* [Task to complete] Scanning the entries below, copy every line that contains the word "British".

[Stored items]
Start of Block

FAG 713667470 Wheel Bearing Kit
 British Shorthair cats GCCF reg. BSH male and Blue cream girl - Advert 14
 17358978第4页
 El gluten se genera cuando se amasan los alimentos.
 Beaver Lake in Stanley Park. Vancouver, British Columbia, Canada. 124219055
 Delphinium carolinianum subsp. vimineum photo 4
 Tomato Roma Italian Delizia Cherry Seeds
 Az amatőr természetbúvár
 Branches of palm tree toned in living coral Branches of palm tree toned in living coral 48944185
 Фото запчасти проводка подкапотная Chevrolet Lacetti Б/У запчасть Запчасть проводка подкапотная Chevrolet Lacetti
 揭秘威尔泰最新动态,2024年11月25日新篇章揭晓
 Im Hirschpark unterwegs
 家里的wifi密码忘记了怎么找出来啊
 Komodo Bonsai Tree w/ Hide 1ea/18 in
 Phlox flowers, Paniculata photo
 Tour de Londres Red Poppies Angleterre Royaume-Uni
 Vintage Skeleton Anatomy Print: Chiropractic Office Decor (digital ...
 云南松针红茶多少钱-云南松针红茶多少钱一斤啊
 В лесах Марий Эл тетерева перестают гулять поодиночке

End of Block

* [Your response]
 British Shorthair cats GCCF reg. BSH male and Blue cream girl - Advert 14
 Beaver Lake in Stanley Park. Vancouver, British Columbia, Canada. 124219055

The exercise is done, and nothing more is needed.